DENVER, CO - Former NIACC pitcher Brandon Williamson will make his major league debut Tuesday night.

DENVER, CO – Former NIACC pitcher Brandon Williamson will make his major league debut Tuesday night.

Williamson, who pitched for the Trojans in 2017-18, was called up to the Cincinnati Reds where he will be the starter against the Colorado Rockies in Denver. Game time is slated for 7:40 p.m.

Williamson will be the first NIACC baseball player to play in the major leagues.

Even though Williamson’s statistics with the Triple-A Louisville Bats haven’t been to his liking, the Reds are giving the 6-foot-6 inch southpaw a chance at the Major League level.

“After April I looked back and said, wow, my stats suck, but I do feel pretty good,” Williamson was quoted as saying in the Cincinnati Enquirer. “I think that people, coaches around me saw some things moving in the right way even though the results weren’t coming at all.

“Then the last few starts, it all started just gelling together. I feel really confident and really comfortable with being here now.”

Williamson, who is on the Reds’ 40-man roster, has spent the 2023 season so far with the Triple-A Louisville Bats.

Williamson is 2-4 with 27 strikeouts and 20 walks in 34 innings pitched this season. The 25-year old from Fairmont, Minn. has started eight games for the Bats this season with a 6.62 earned run average.

In his last start last Thursday against the Columbus Clippers, Williamson earned his second win of the season in a 5 2/3 solid innings of work. Williamson allowed a single run on six hits, striking out four while walking three.

In his last two starts including the one against the Clippers, Williamson has allowed nine hits and four runs in 11 2/3 innings with 11 strikeouts.

The Reds, who are 18-23 and in fourth place in the National League Central, are seeking a starting pitcher in their rotation short after Nick Lodolo, Williamson’s college teammate at TCU, went on the 15-day injured list with a calf injury that will sideline him for at least a month.

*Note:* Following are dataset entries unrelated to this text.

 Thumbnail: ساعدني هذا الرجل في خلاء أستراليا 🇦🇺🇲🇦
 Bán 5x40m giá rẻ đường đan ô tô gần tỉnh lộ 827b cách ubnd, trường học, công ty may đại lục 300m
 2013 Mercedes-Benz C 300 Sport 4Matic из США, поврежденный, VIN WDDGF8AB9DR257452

“If you’re here, you have a chance,” Cincinnati Reds’ co-minor league pitching coordinator Casey Weathers said of Williamson in August of 2022. “Obviously, he was a big piece of the trade in spring training for us with the (Jesse) Winker deal.”

In March of 2022, Williamson, who was a second round pick by the Seattle Mariners in 2019, was traded to the Reds’ organization along with outfielder Jake Fraley for Winker, an outfielder, and third baseman Eugenio Suarez.

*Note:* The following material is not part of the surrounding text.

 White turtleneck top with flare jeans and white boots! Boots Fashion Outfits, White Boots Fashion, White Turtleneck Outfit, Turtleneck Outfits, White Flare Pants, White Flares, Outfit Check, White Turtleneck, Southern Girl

Williamson started the 2022 season with the Reds’ Double-A affiliate Chattanooga Lookouts, was called up to the Triple-A Bats in July of 2022.

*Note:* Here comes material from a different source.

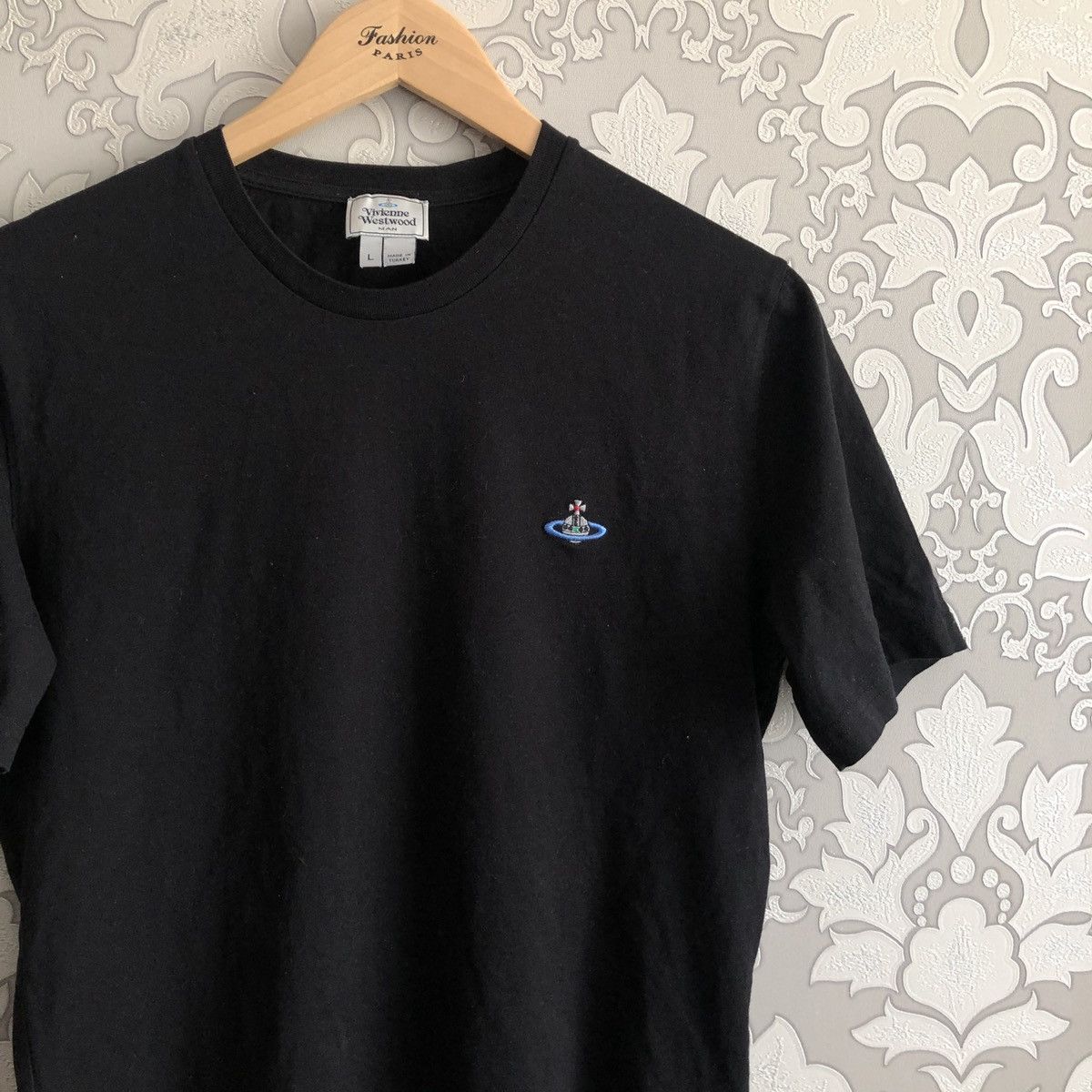 Vivienne Westwood Vivienne Westwood black t shirt logo orb size L Size US L / EU 52-54 / 3 - 2 Thumbnail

Williamson, who attended Martin County West High School in Sherburn, Minn., was a 36th round pick by the Milwaukee Brewers in the 2018 MLB Draft, but chose to attend TCU.

At TCU in 2019, Williamson was an honorable mention all-Big 12 selection. He was 4-5 with a 4.10 earned run average in 77 1/3 innings pitched with 89 strikeouts and 36 walks.

While at NIACC, Williamson won 12 games and is the school’s career strikeout leader with 151.

“I went to NIACC with no scholarship,” Williamson said in August of 2022. “It was just kind of a chance piece. I owe (former NIACC head coach) Travis Hergert a lot.

“He saw something that could possibly happen and is happening now. It allowed me to work hard and to grow and to be with the right people to help me get me where I am now.”

Hergert, who is now the Philadelphia Phillies minor league pitching coordinator, first saw Williamson pitch at a town ball game in the summer after he graduated from high school.

“He wasn’t a big velo guy, but he threw strikes,” Hergert said. “He was left-handed, he was 6-6 and showed some athleticism.”

And now Tuesday night, the former NIACC walk-on will make his MLB debut.

“He’s talented,” Reds Manager David Bell was quoted as saying in the Cincinnati Enquirer. “Spring training didn’t go exactly how he wanted it to, and I think that carried over into the beginning of the season, but he continued to work at it.

“Sometimes you work so hard to get here and there is a lot of pressure to get to this point. Now it just becomes about the game, going out and winning a baseball game, and letting your ability and your talent take over.”